**Assignment:** Word for word, the data below must be repeated in full; no picture is to be included.

**Short descriptive text snippets:**
──────────────────────────────

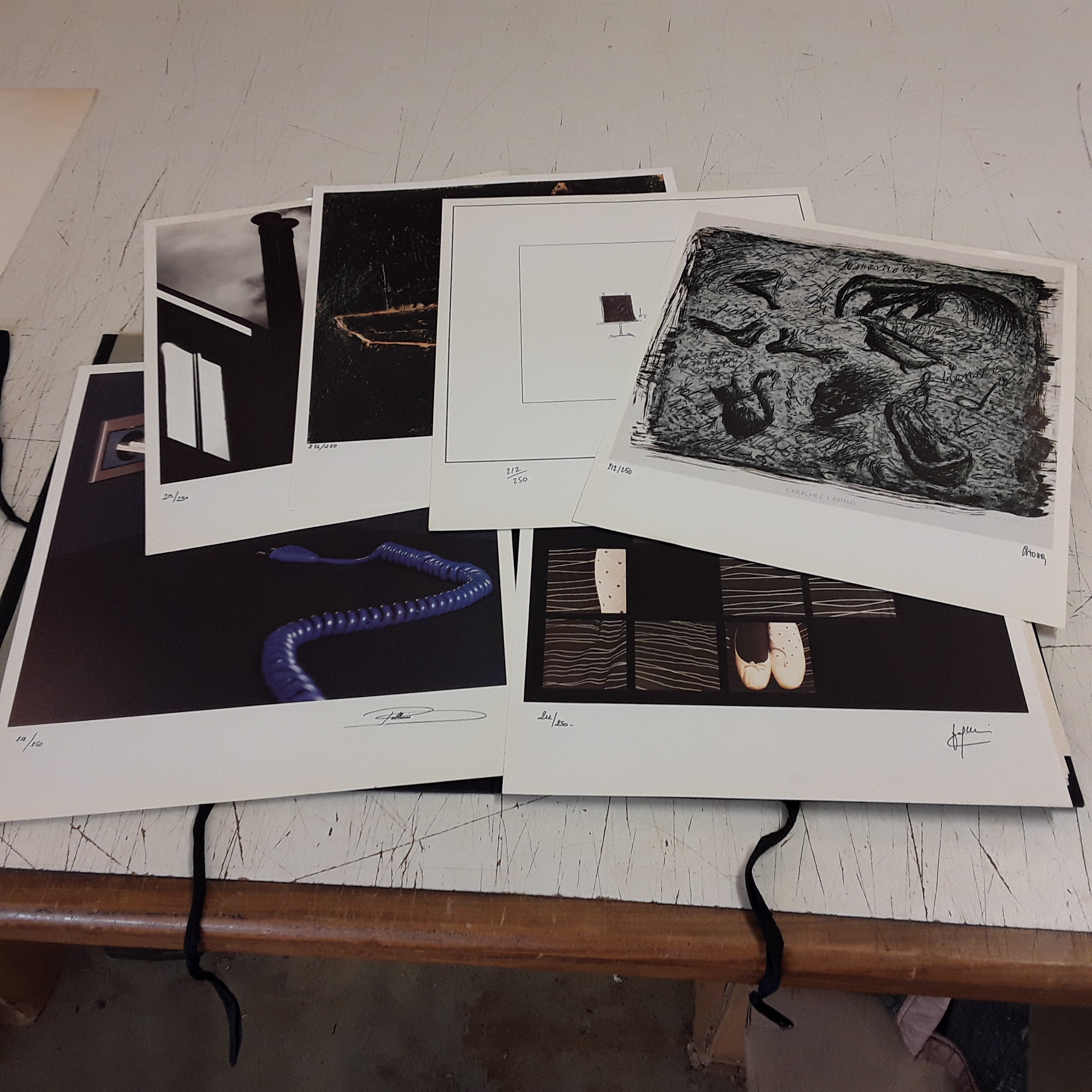<p>Farde concours 1989<br />Lot de 6 lithographies<br />125,00 € T.T.C<br /><a href="/Article/122413?type=depose" style="color:white;" target="_blank">Lien vers l&#39;article</a></p>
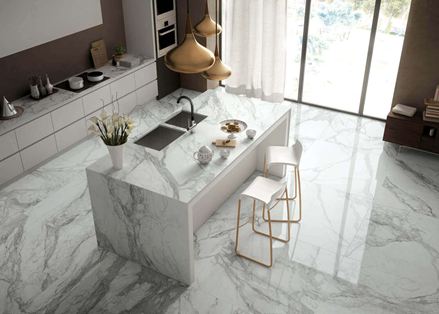Kuchnia z biało-szarymi płytkami z gresu porcelanowego imitującymi marmur – widok z góry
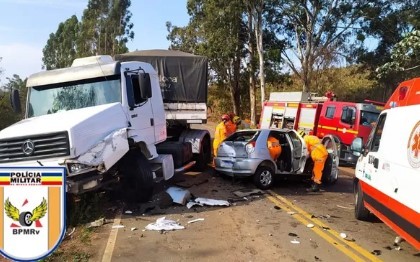 Mulher e duas crianças ficam gravemente feridas após acidente entre carro e carreta no Sul de MG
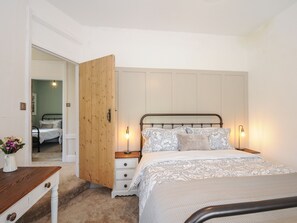 3 bedrooms, individually decorated, individually furnished, free WiFi - Skylarks (Looe)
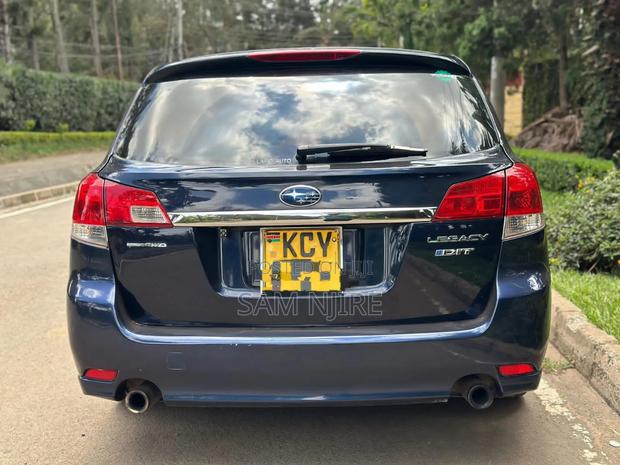Subaru Legacy 2.5i Premium 2013 Black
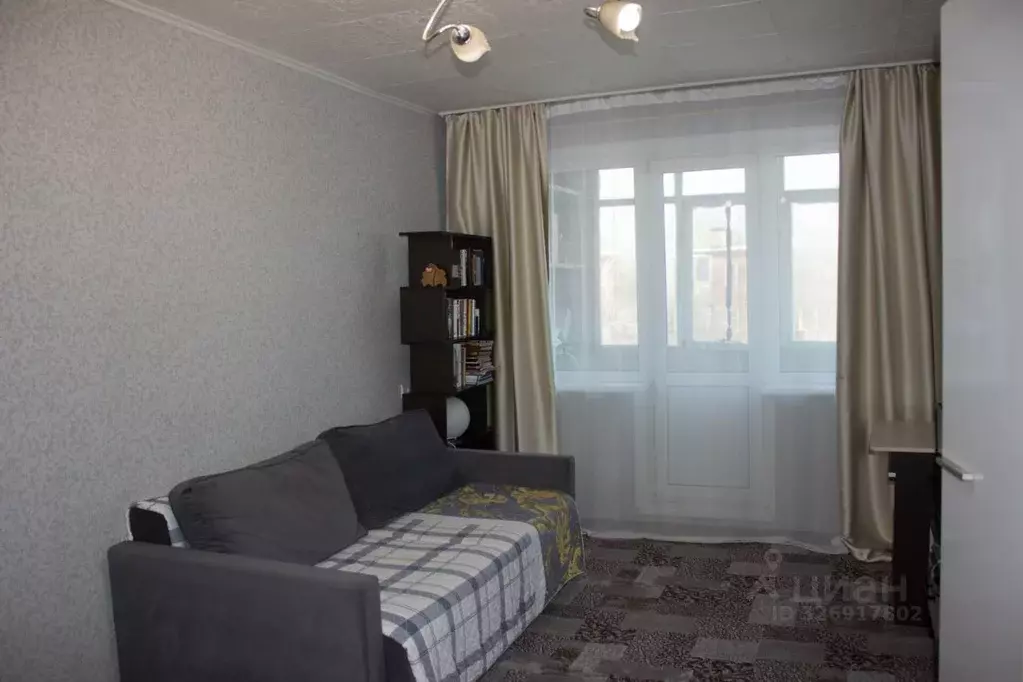 1-к кв. Челябинская область, Челябинск ул. Труда, 7 (30.4 м) - Фото 2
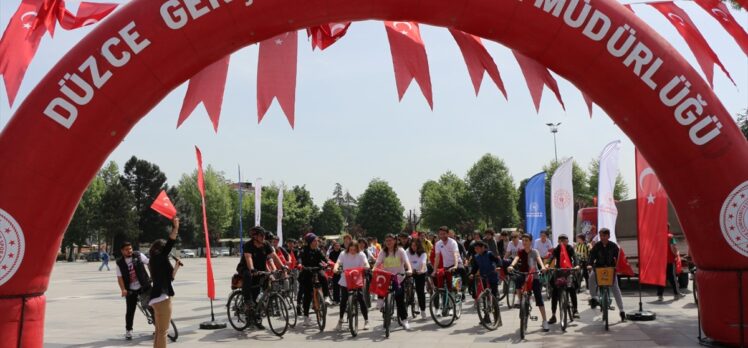 Düzce'de 19 Mayıs kapsamında yürüyüş ve bisiklet turu düzenlendi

──────────────────────────────

**Completed task:**
<p>Farde concours 1989<br />Lot de 6 lithographies<br />125,00 € T.T.C<br /><a href="/Article/122413?type=depose" style="color:white;" target="_blank">Lien vers l&#39;article</a></p>
Kuchnia z biało-szarymi płytkami z gresu porcelanowego imitującymi marmur – widok z góry
 Mulher e duas crianças ficam gravemente feridas após acidente entre carro e carreta no Sul de MG
 3 bedrooms, individually decorated, individually furnished, free WiFi - Skylarks (Looe)
Subaru Legacy 2.5i Premium 2013 Black
 1-к кв. Челябинская область, Челябинск ул. Труда, 7 (30.4 м) - Фото 2
 Düzce'de 19 Mayıs kapsamında yürüyüş ve bisiklet turu düzenlendi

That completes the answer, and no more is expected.